2. Marinate the pork belly with the Char Siu marinade/sauce and the chopped garlic in the refrigerator overnight. I recommend using a large Ziplock bag to marinate in. Make sure to remove all of the air you can from the bag before sealing. After that, place the bag into an amply sized container before placing in the fridge to marinate overnight.
3. The next day, pre-heat your oven to 425°F. Remove the pork belly from the bag and reserve the Char Siu sauce. Place your pork belly on a clean work surface and pat dry with a paper towel. Next, skin side up, using a sharp knife, score the pork belly 1/2 an inch apart being careful to only score the fat and not the meat. Rub salt into the scores that you have just cut. Brush off any excess salt. Flip the belly over and season the underside with salt and fresh cracked black pepper. Brush with vegetable oil on both sides.
4. Take the reserved Char Siu marinade/sauce and place into an amply sized sauce pot. Reduce the liquid over medium heat until it thickens to a syrupy consistency. Season with kosher salt to taste. This is now your Char Siu sauce.
5. While your Char Siu sauce is reducing, take your pork and place it on an oiled and amply sized roasting trey skin side up. Roast for about 1/2 an hour until the skin starts to puff up and you can see a crackling start to form. Turn the heat down to 350 and roast for another hour.
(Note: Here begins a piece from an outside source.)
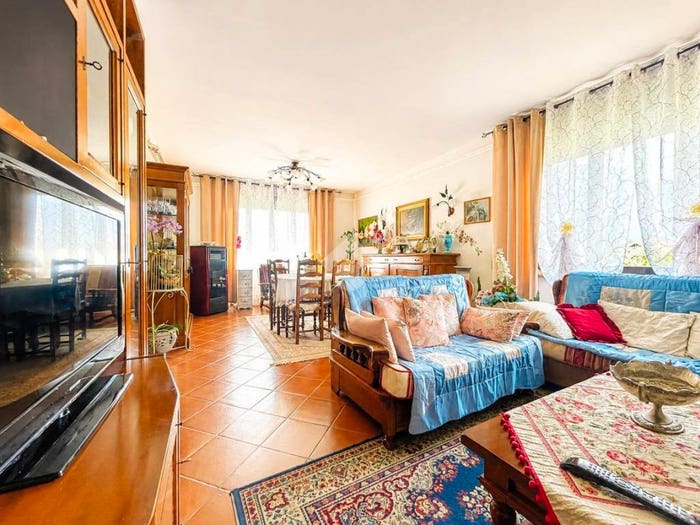 Appartamento quadrilocale in vendita in Via Careciasca, Centro, Dubino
6. Take out of the oven and baste with your warm Char Siu sauce. Let the pork rest for 10 minutes and cut across the grain into bite sized pieces. Feel free to base the pork again after it is cut.
7. You can serve with rice or noodles and any vegetables you want. I’d keep it simple and go with some steamed broccoli. You can also serve it social by putting each bite sized piece on a stick like we did on the show.
Notes
You don’t have to roast the pork in the oven. You can also use an outdoor grill with precise temperature control. This will add even more flavor to your finished product.
Do whatever your living space can accommodate. I know that we don’t all have fancy grills!!!